Last week, the New York Times published an article on the relocation of the Uighur detainees from Guantanamo to the islands of Palau and Bermuda (a great deal considering the first batch of Uighurs who left Gitmo went to the slightly less glamorous Albania). The article roughly coincided with my own return from China's Western regions. My experiences out West revealed the simmering race relations between the Han and Uighur peoples in the province, a factor that helps explain the necessity of sending these men to Palau and not back to China, where they would surely have met an expeditious demise.
Before I traveled to Xinjiang, however, I made a brief stopover in China's neighbor to the West -- the achingly beautiful mountain nation of Kyrgyzstan. Despite the scenery, I was more impressed by the race relations of the local Kyrgyz and other peoples, especially in contrast to what I saw in the subsequent portion of my trip in Xinjiang.
Both the Uighurs and the Kyrgyz have their own respective tumultuous relations with their "big brother" neighbors of China and Russia, respectively, over the past centuries. While my Central Asian history is far from complete, it is safe to say that neither of the two major powers was very kind to its smaller protectorates. Despite this, Kyrgyzstan could not feel more different than Xinjiang in terms of race relations -- the people actually appeared to like each other.
When the USSR collapsed, many Russian, Uzbek, and Kazahs were left in a new independent nation that bore the name of another ethnic group. While a good deal of these people left, many stayed. Bishkek, Kyrygzstan's capital, is a prime example of this -- a mélange of peoples and ethnicities to a degree I did not expect. We would regularly encounter pairs of Kyrgyz and Russians, walking, chatting, and living life together in -- from an outsider's perspective -- relative harmony. Many more still were of mixed blood, suggesting that this affection was not completely a misperception on my part. Our tour guide -- a white man whose parents were forced to leave Ukraine as a child -- considered himself to be exclusively Kyrgyz. He would berate us if we referred to him as anything but Kyrgyz. Adding to the mix, the receptionist at our hotel considered herself Russian but held a Kyrgyz passport and had never been to Russia. She indicated that the flexibility the Kyrgyz have with their identity lends itself to a stable -- if not amicable -- relationship with the other ethnic groups. When asked how the Kyrgyz and Russians could get along despite their less than friendly past, she stated: "We get along because we are neighbors. What else can we do?" While certainly I could be missing a hidden cultural fissure, from all outward appearances, Kyrgyzstan is getting along just fine.
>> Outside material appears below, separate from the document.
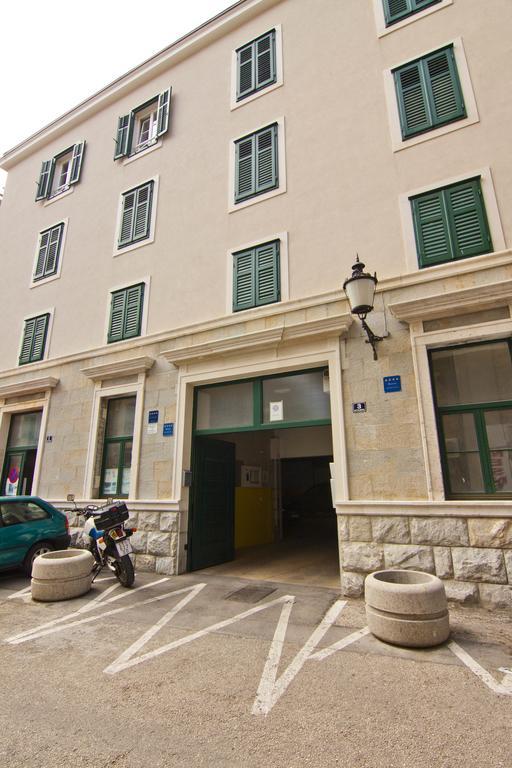 Laura Lux Suites Split Bagian luar foto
Xinjiang was the exact opposite. In Xinjiang, the ethnic animosity is palpable. Not only did we not see any interaction between the Han and Uighur people beyond the perfunctory exchanges in stores and restaurants, we witnessed downright hostility. Our first glimpse came when we visited the famous Sunday Bazaar in Kashgar. There, amidst the din of hawkers, our recently befriended shopkeeper told us in hushed tones of his deep hatred for the Han. Understandably so, as his two brothers protested a government plan some years ago were quickly whisked away by secret police in the night. He hasn't heard from them since and can't -- like most Uighurs -- obtain a passport for fear of flight risk. On the other side, our Han cab driver regularly denigrated the Uighurs and our Uighur driver happily returned the favor. We even saw a Uighur shopkeeper tell Han tourists that there were no computers for use in his shop while standing next to two empty computers with signs blaring "Free internet for customers" in front of their faces. Needless to say, Bishkek and Kashgar were night and day when it came to the interactions and relations between the "invaders" and the "invaded."
While I will not, nor cannot, attempt to posit why this discrepancy exists, I would venture to guess that the fall of the Soviet Union has a great deal to do with it. I would surmise that in the absence of Moscow's zeal to maintain national unity, Kyrgyzstan enjoys a more relaxed atmosphere in which to compose just what modern "Kyrgyz" citizenship means in relation to ethnicity. On the other side, the increasing aggressiveness with which the Chinese Communist Party is trying to Sinofy Xinjiang and marginalize the Uighurs only fans the growing flames of hatred on both sides. Moreover, the income gap between ethnicities in Kyrgyzstan cannot possibly be as oppressive as the Han and Uighur divide in Xinjiang. All these factors compound a situation in Xinjiang so flammable that America sees the need to send innocent Uighur men into exile in the South Pacific rather than reunite them with their families thousands of miles away.